╭─ Provided material
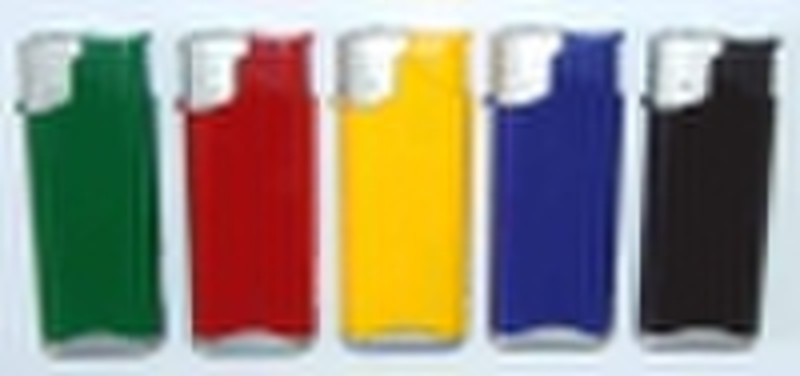 Windproof lighter with led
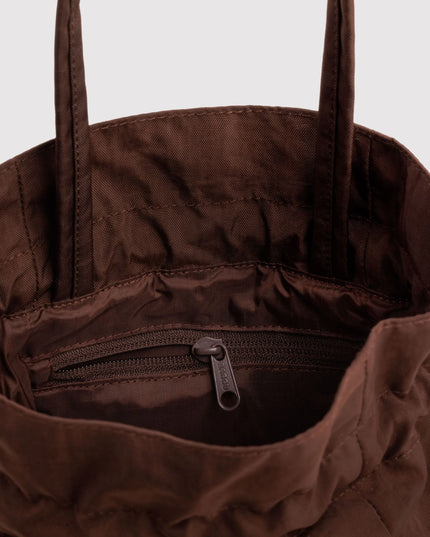 BAGGU NYLON DRAWSTRING BAG - COFFEE
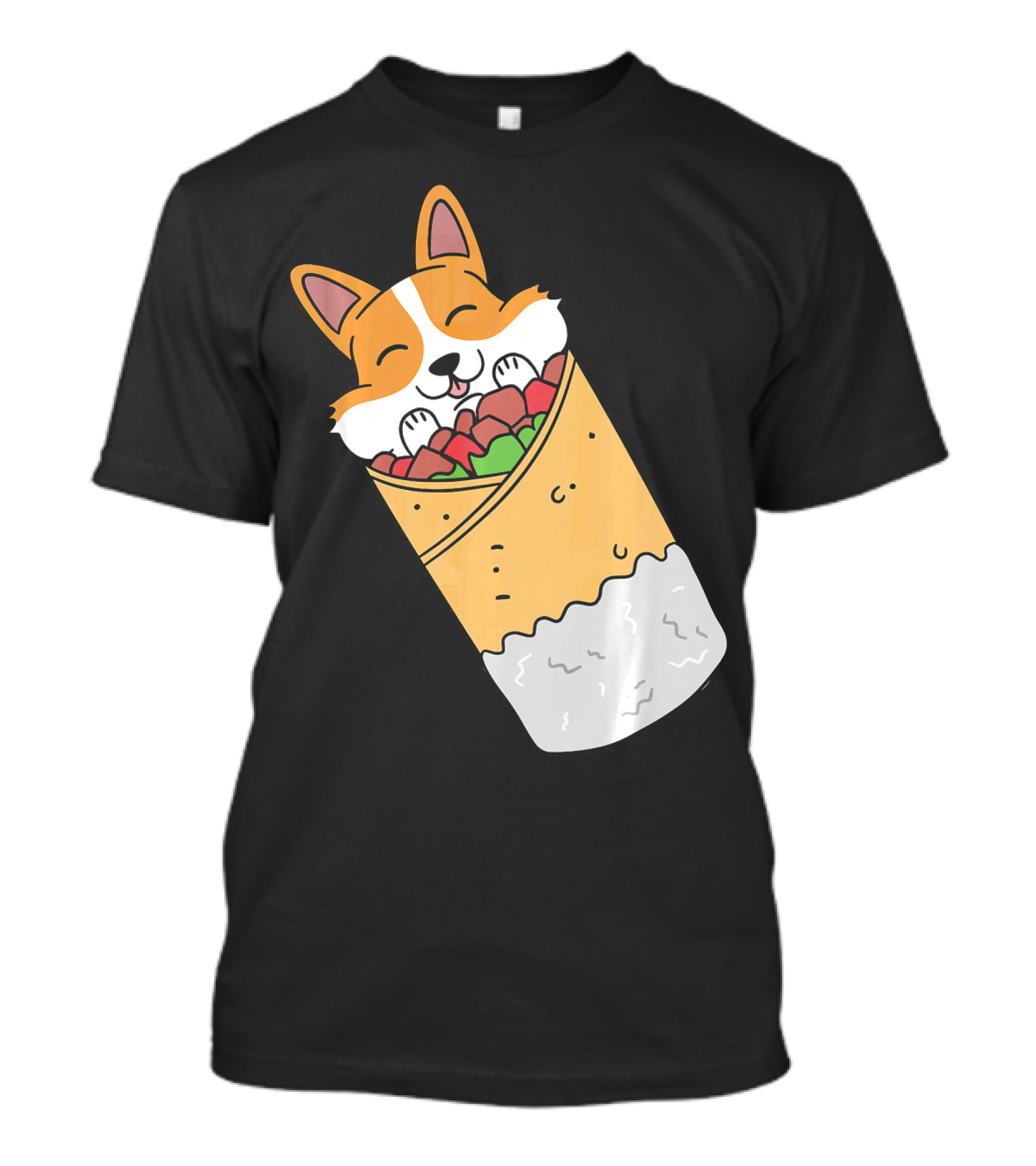 Corgi Wrapped In Mexican Burrito Delight T-Shirt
╰─
Transcribe the whole of the data exactly, minus any pictures.

**Exercise result**
 Windproof lighter with led
 BAGGU NYLON DRAWSTRING BAG - COFFEE
 Corgi Wrapped In Mexican Burrito Delight T-Shirt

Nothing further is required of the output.